=== Given entries ===
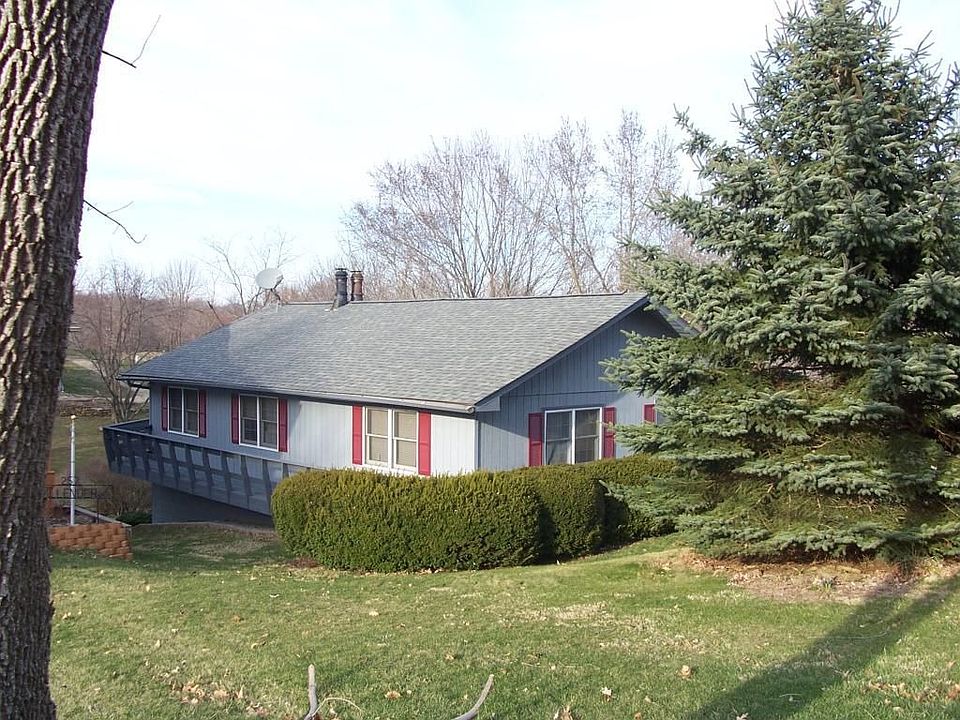 1st image of 253 Green Valley Dr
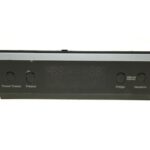 da97-06020a-assy-cover-display-es-pjt-ssec-ref-rsa1wtmg1-xfa-ver-00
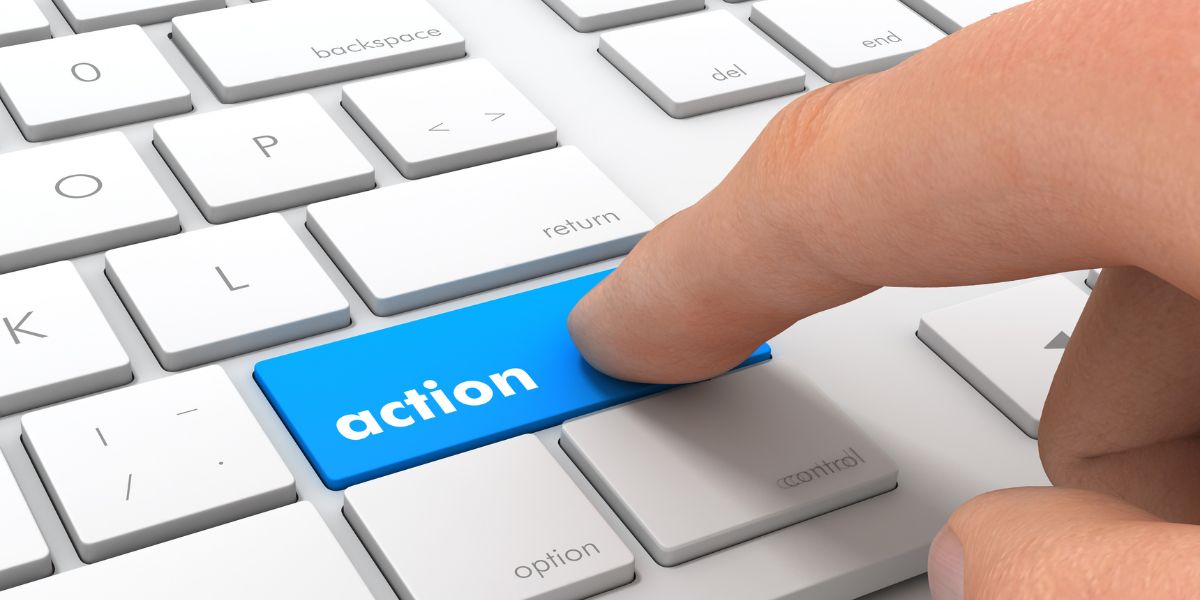 Optimisation des Call-to-Action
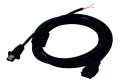 194EAA210.png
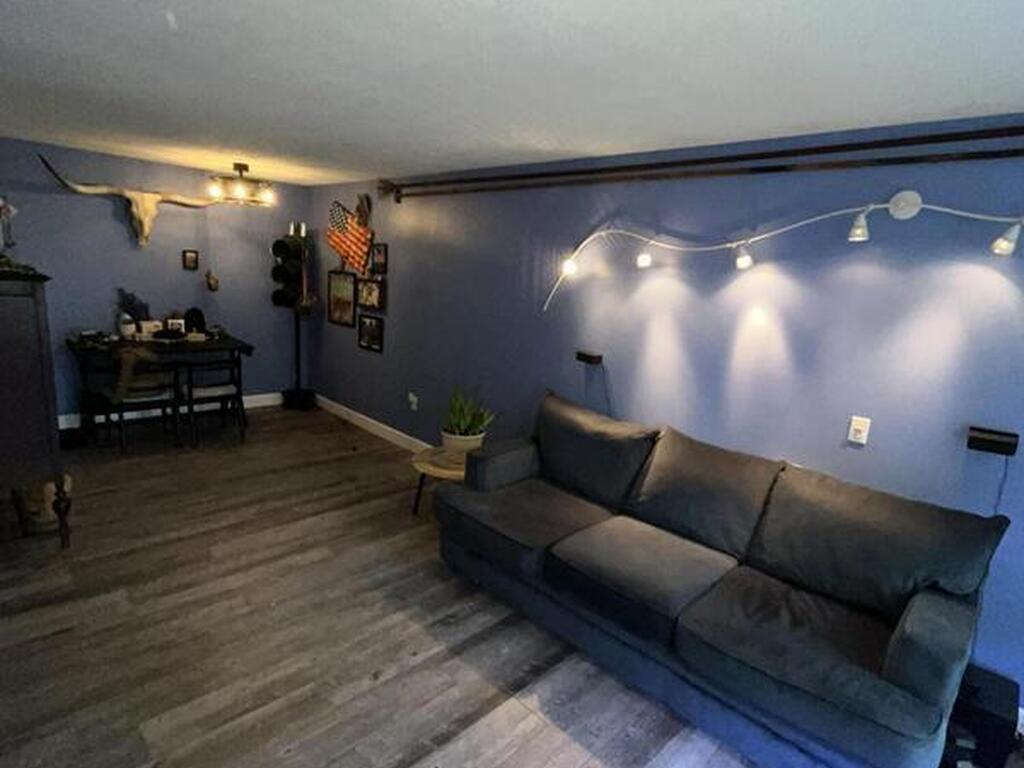 195 Treasure Street, Merritt Island, FL 32952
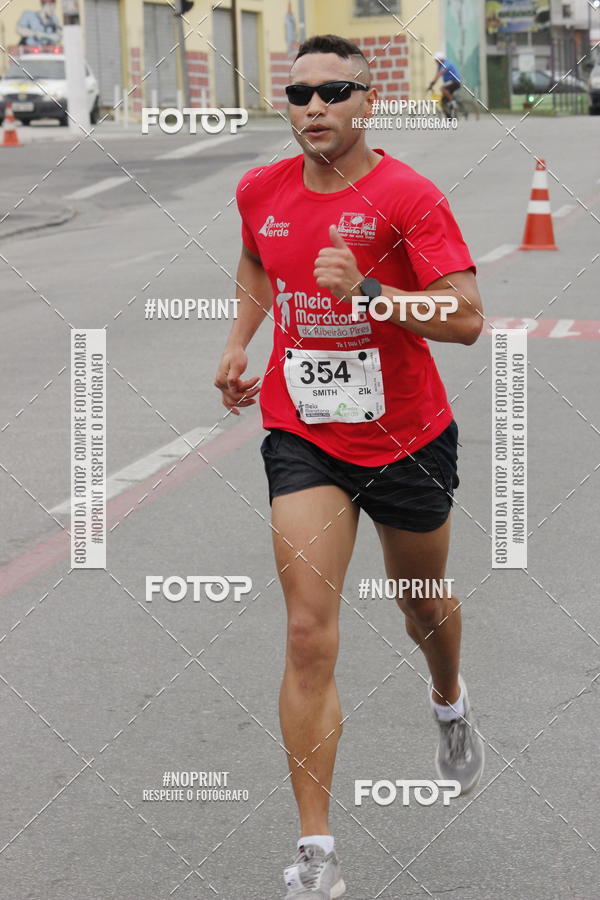 Buy your photos of the event1� Meia Maratona de Ribeir�o Pires on Fotop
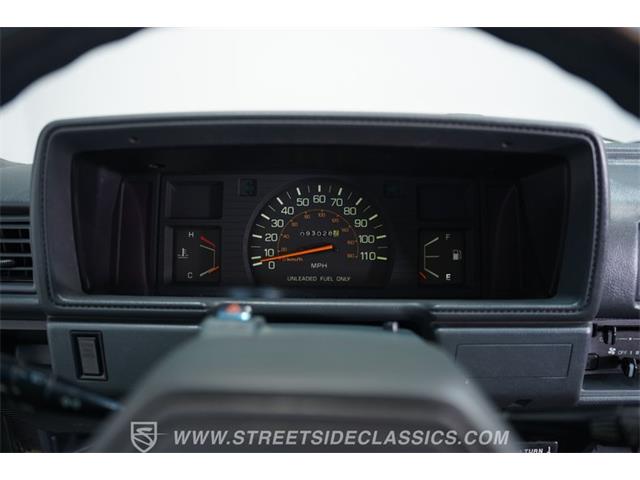 1987 Toyota Pickup (CC-2074183) for sale in Lavergne, Tennessee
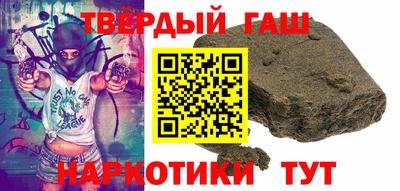 спиды Владимир
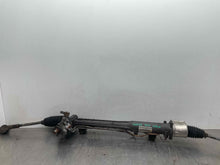 Load image into Gallery viewer, 2011-2018 Porsche Cayenne STEERING GEAR RACK AND PINION - NW657822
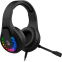 Casque audio Bloody G230 Black - photo 4
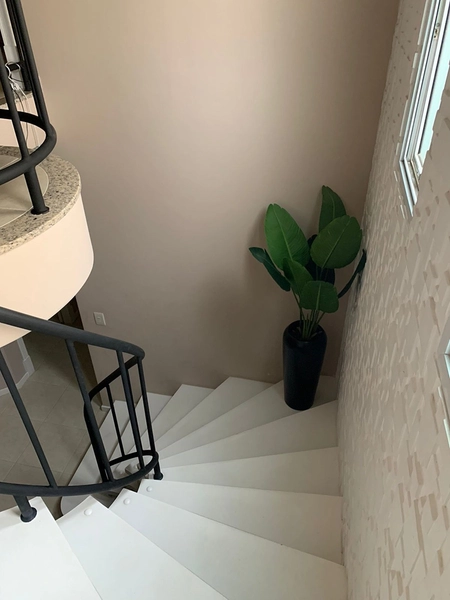 REALIZE UM SONHO! Apartemento Duplex a venda muito bem Localizado no bairro Meia Praia - Itapema.: 13ª foto da galeria de imagens do imóvel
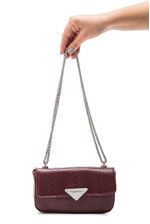 Bolsa-Transversal-Via-Marte-B1-163-01-Bordo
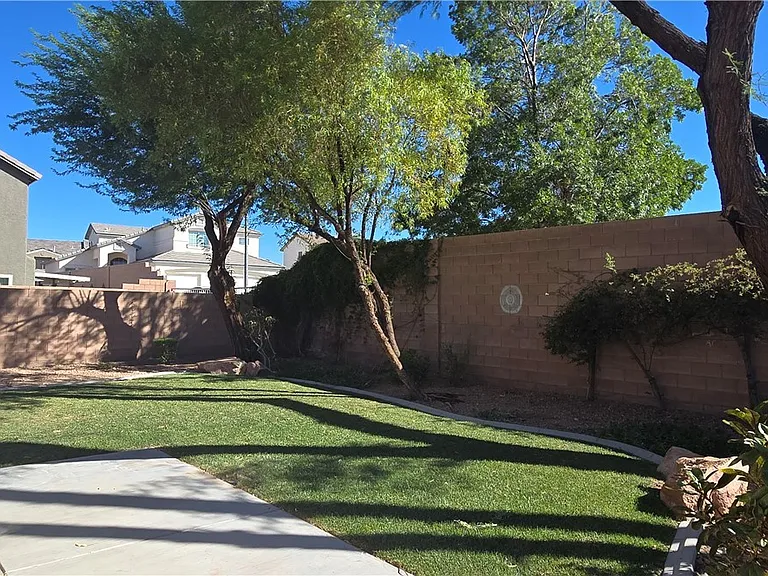 531 Broken Shale Cir — Photo 2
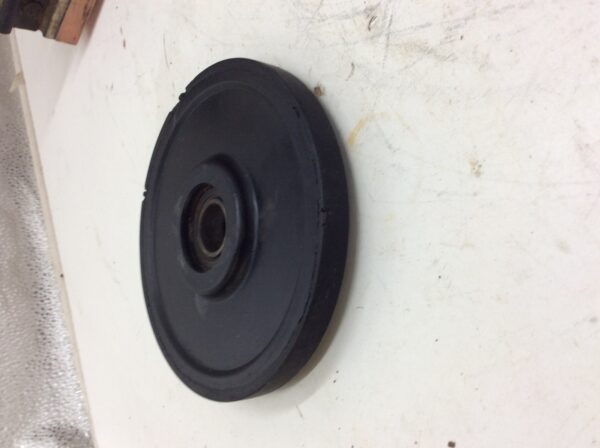 2014 Arctic Cat IDLER WHEEL - Image 5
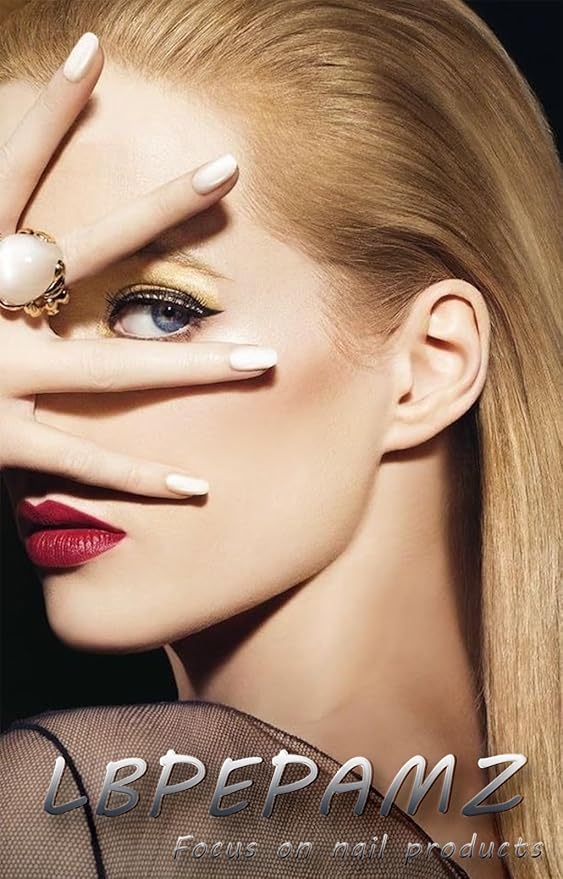 Medium Almond Press on Nails Punk Y2k Fake Nails Gradient Black Stick on Nails 3D Rhinestones Cool Butterfly Design Acrylic Nails Silver Chrome Full Cover False Manicure for Women 24Pcs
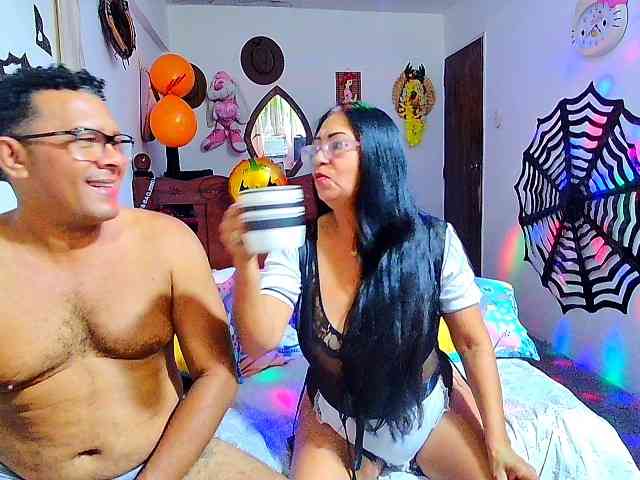 maturecouplesex1 webcam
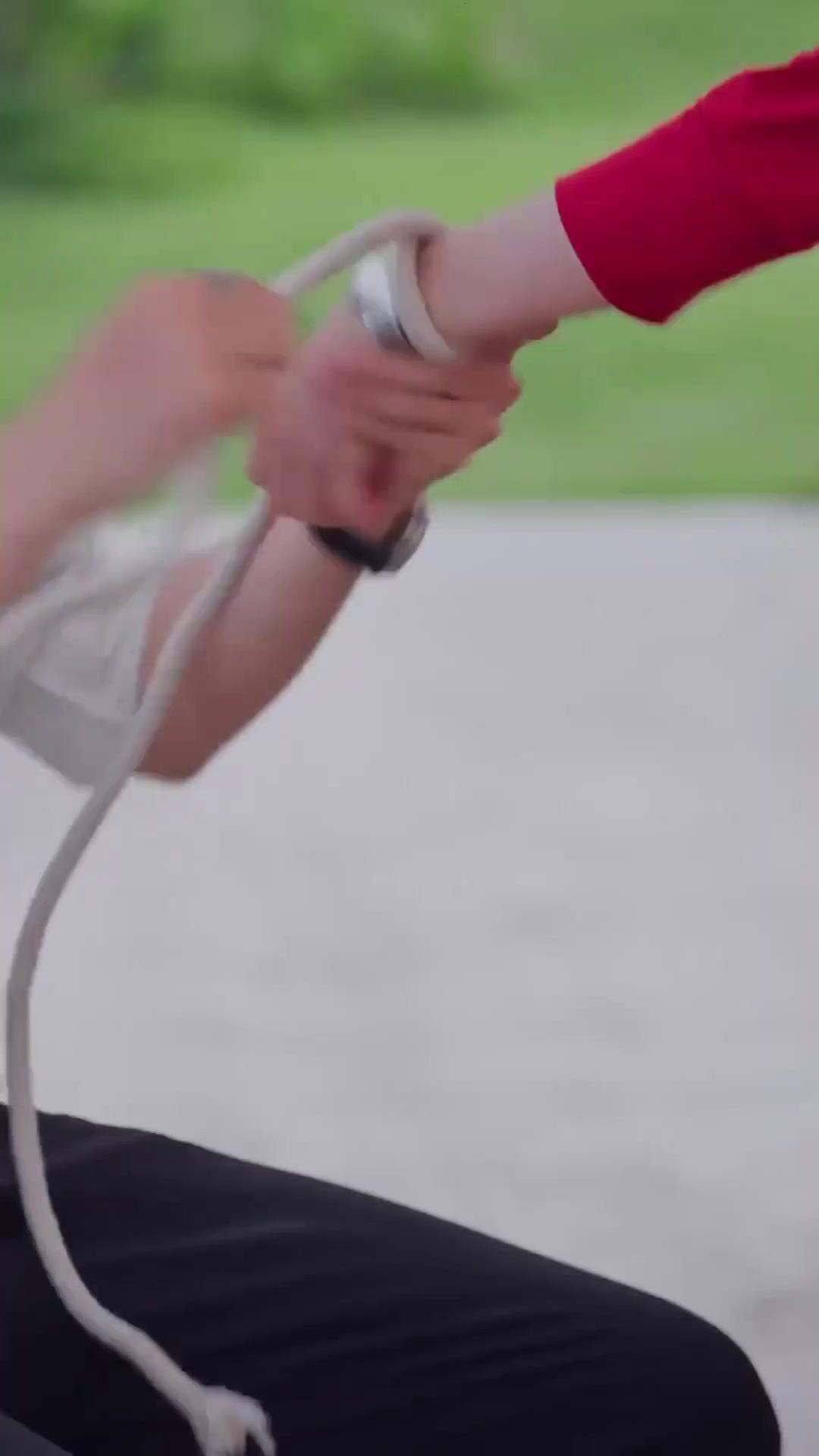 (Doblado)Corazón frío, besos de fuego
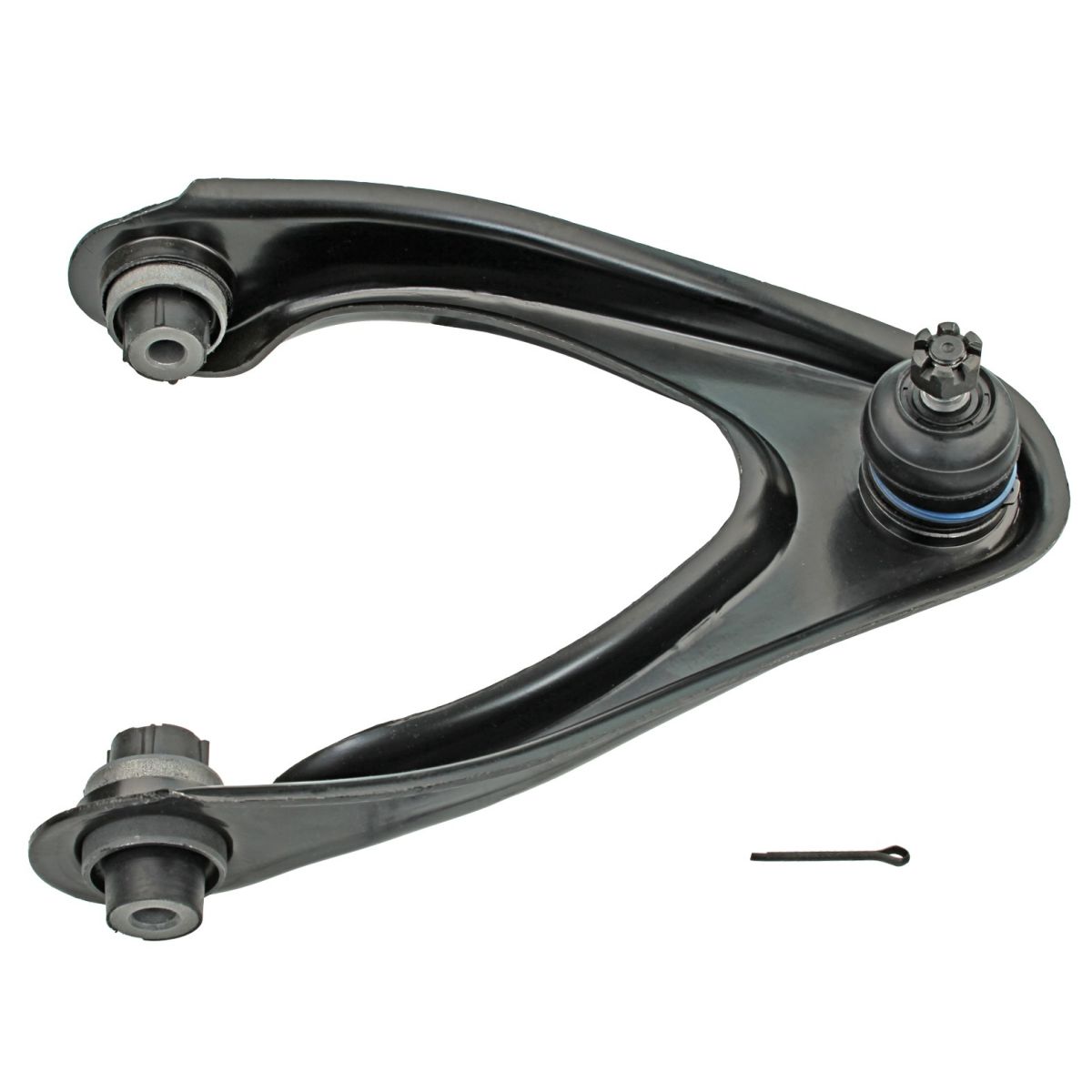Tukivarsi MEYLE 31-16 050 0056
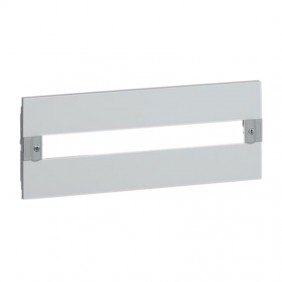 Pannello ad 1/4 di giro Bticino Mas con...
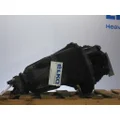 PACCAR MV2014PR264 DIFFERENTIAL ASSEMBLY FRONT REAR thumbnail 3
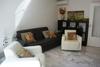 Apartamento 45 Croisette Immobilier - Le Minerve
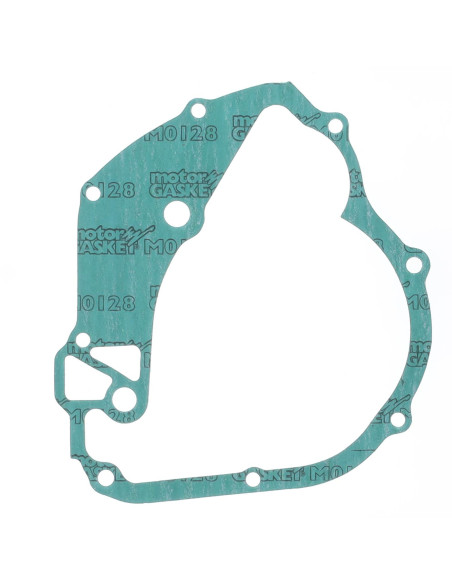 Joint de couvercle d'embrayage ATHENA - HONDA - PIAGGIO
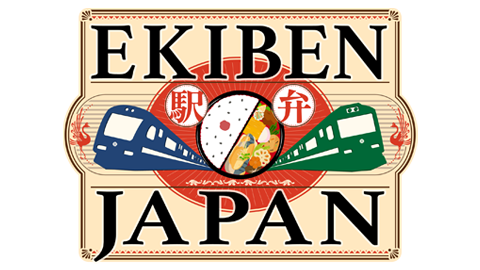 EKIBEN JAPAN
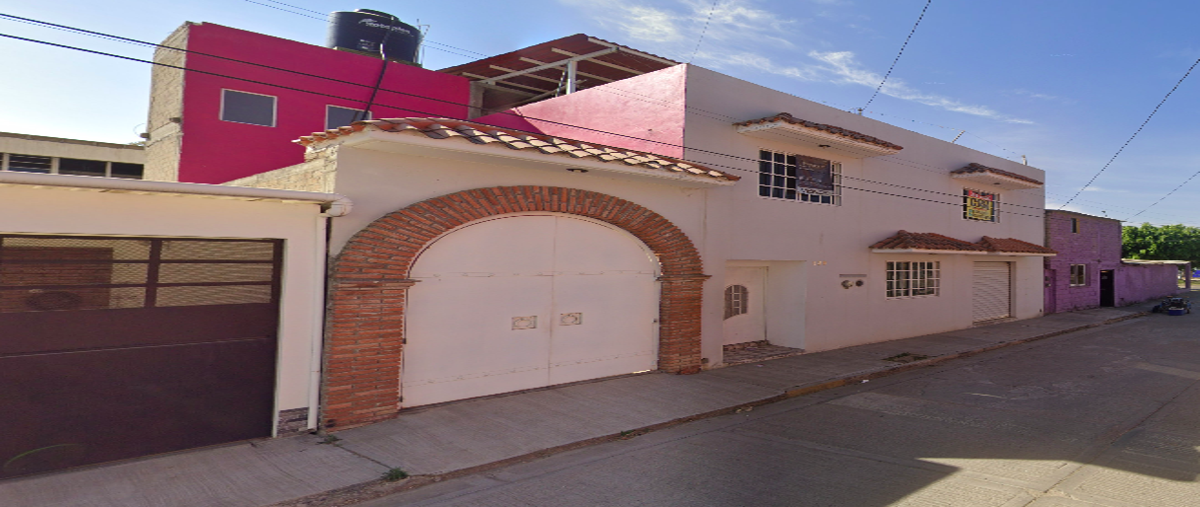 Image propiedad Image propiedad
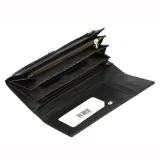 greg39445-marka-rovicky-kod-producenta-greg39445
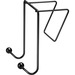 FEL75510 - Fellowes Wire Partition Additions&trade; Double Coat Hook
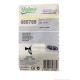 Far Dreapta OPEL VECTRA B (36_, J96) [ 1995 - 2002 ] Valeo 085788 OEM 1216528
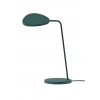 LEAF TABLE Lamp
===
Problem to work on
Could you repeat all of the entries exactly, without the pictures?

Solution for this exercise
 1st image of 253 Green Valley Dr
 da97-06020a-assy-cover-display-es-pjt-ssec-ref-rsa1wtmg1-xfa-ver-00
 Optimisation des Call-to-Action
 194EAA210.png
 195 Treasure Street, Merritt Island, FL 32952
 Buy your photos of the event1� Meia Maratona de Ribeir�o Pires on Fotop
 1987 Toyota Pickup (CC-2074183) for sale in Lavergne, Tennessee
 спиды Владимир
 Load image into Gallery viewer, 2011-2018 Porsche Cayenne STEERING GEAR RACK AND PINION - NW657822
 Casque audio Bloody G230 Black - photo 4
 REALIZE UM SONHO! Apartemento Duplex a venda muito bem Localizado no bairro Meia Praia - Itapema.: 13ª foto da galeria de imagens do imóvel
 Bolsa-Transversal-Via-Marte-B1-163-01-Bordo
 531 Broken Shale Cir — Photo 2
 2014 Arctic Cat IDLER WHEEL - Image 5
 Medium Almond Press on Nails Punk Y2k Fake Nails Gradient Black Stick on Nails 3D Rhinestones Cool Butterfly Design Acrylic Nails Silver Chrome Full Cover False Manicure for Women 24Pcs
 maturecouplesex1 webcam
 (Doblado)Corazón frío, besos de fuego
Tukivarsi MEYLE 31-16 050 0056
 Pannello ad 1/4 di giro Bticino Mas con...
 PACCAR MV2014PR264 DIFFERENTIAL ASSEMBLY FRONT REAR thumbnail 3
 Apartamento 45 Croisette Immobilier - Le Minerve
 Joint de couvercle d'embrayage ATHENA - HONDA - PIAGGIO
 EKIBEN JAPAN
 Image propiedad Image propiedad
 greg39445-marka-rovicky-kod-producenta-greg39445
 FEL75510 - Fellowes Wire Partition Additions&trade; Double Coat Hook
 Far Dreapta OPEL VECTRA B (36_, J96) [ 1995 - 2002 ] Valeo 085788 OEM 1216528
 LEAF TABLE Lamp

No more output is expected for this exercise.